Secondo l’Agenzia internazionale per l’energia, nel 2023 gli Stati Uniti hanno rappresentato l’80% dell’espansione della fornitura globale di petrolio, confermando un cambio di rotta per l’industria. In sostanza, i prezzi più alti innescati dall’invasione russa dell’Ucraina hanno spinto di nuovo i produttori a trivellare.
Una maggiore produzione Usa, abbinata a una domanda globale incerta, potrebbe continuare a spingere i prezzi al ribasso. Un calo dei costi energetici, che farebbe raffreddare ancora di più l’inflazione, è auspicato da Biden. Ma non dall’Arabia Saudita, che ha invece avvertito su un potenziale prolungamento della politica dei tagli alla produzione fino a marzo proprio per favorire un aumento delle quotazioni.
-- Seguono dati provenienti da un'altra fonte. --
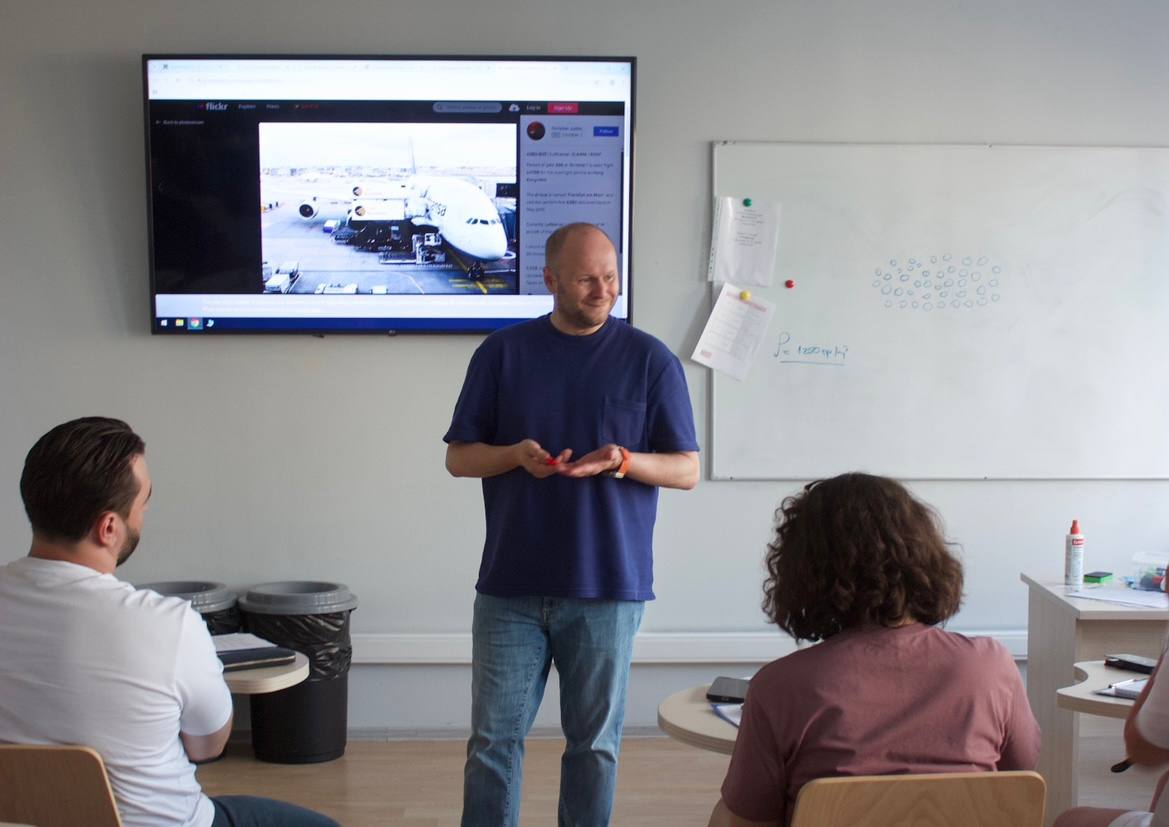 Alex Gervash teaching a fear of flying course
L’offerta di petrolio nel mirino degli esperti: cosa aspettarsi?
Il dibattito su cosa accadrà nel prossimo futuro ai prezzi del petrolio è molto acceso.
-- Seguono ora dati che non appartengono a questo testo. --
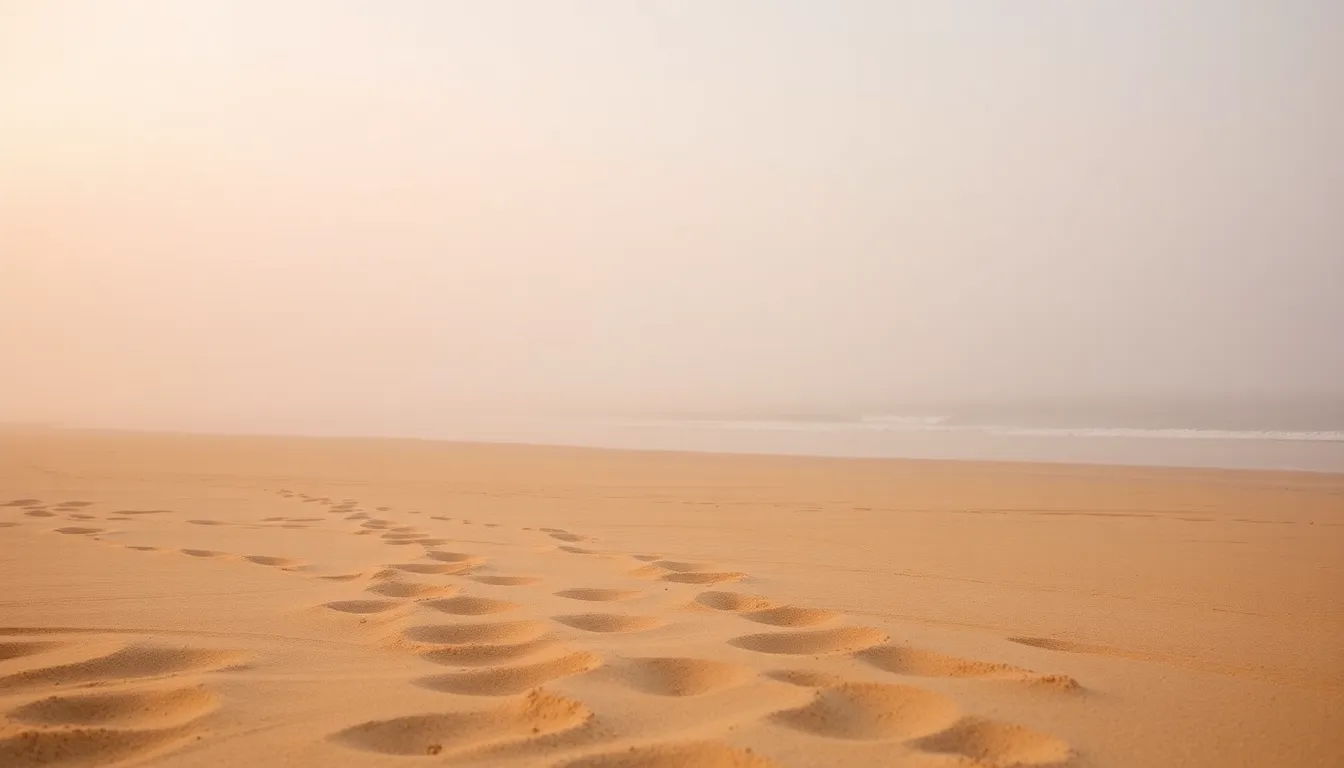 This secluded beachscape is beautifully shrouded in early morning fog, creating a serene atmosphere perfect for contemplation. Soft warm light from the golden hour illuminates the fog, casting gentle hues of beige, cream, and subtle pinks. The composition centers around the horizon where fog meets the gentle waves, focusing on the textured sand that draws the viewer in.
La svendita del greggio in corso potrebbe aumentare le possibilità che l’OPEC+ convochi una riunione di emergenza nelle prossime settimane, secondo Citigroup.
La società energetica Kpler prevede che l’Arabia Saudita manterrà i suoi tagli di un milione di barili al giorno per tutta la durata del prossimo anno. Tuttavia, i trader dubitano dell’impegno degli Stati membri del cartello nei confronti delle diminuzioni volontarie, il che ha contribuito alla recente serie di diminuzioni dei prezzi.
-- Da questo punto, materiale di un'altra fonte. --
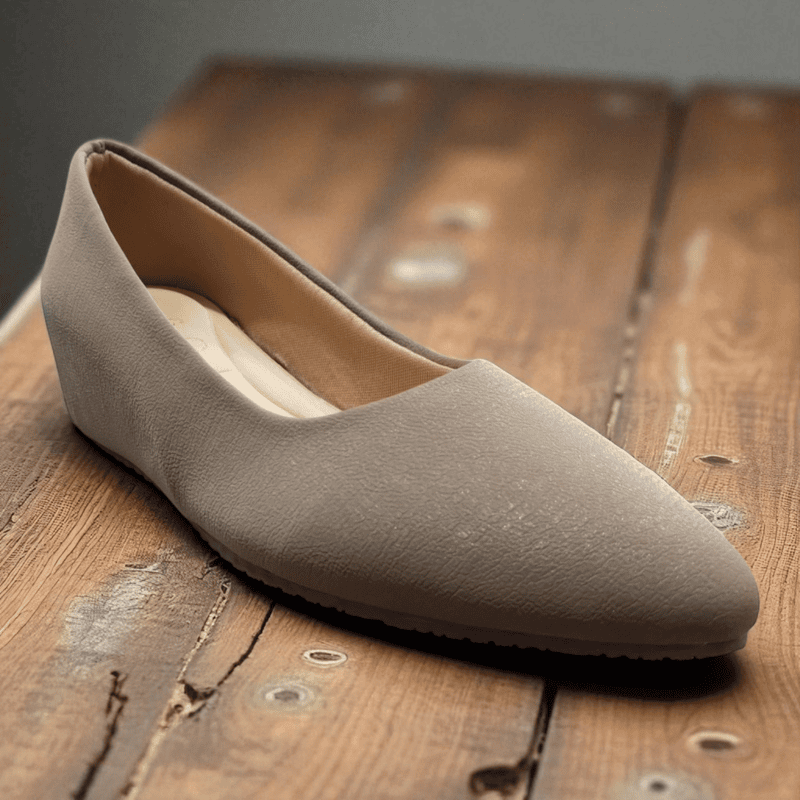 Nude Beige Plain Wedge Ballerina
“Mentre l’OPEC+ taglia la produzione, ci sono una varietà di Paesi che la stanno aumentando al di fuori del gruppo, e anche all’interno del’organizzazione”, secondo Matt Smith, analista petrolifero capo di Kpler per le Americhe. Tra questi spiccano gli Stati Uniti, il Canada, il Guyana, il Brasile. Anche Venezuela e Iran, membri OPEC, stanno incrementando la loro offerta di greggio.
Massima allerta, infine, sulla rivalità Usa-Arabia Saudita. L’esperto di energia Paul Sankey ha avvertito su un rischio sottovalutato. In un suo intervento su Market Insider ha ipotizzato che i sauditi, per ritorsione contro la produzione Usa, potrebbero inondare il mercato con forniture aggiuntive. In questo modo, i prezzi del greggio si abbasserebbero, con l’obiettivo “mandare in bancarotta” l’industria statunitense rendendo non redditizia l’estrazione del petrolio. È una tattica utilizzata da Riyadh nel 2014 e nel 2020 per riprendere il controllo sui prezzi del petrolio.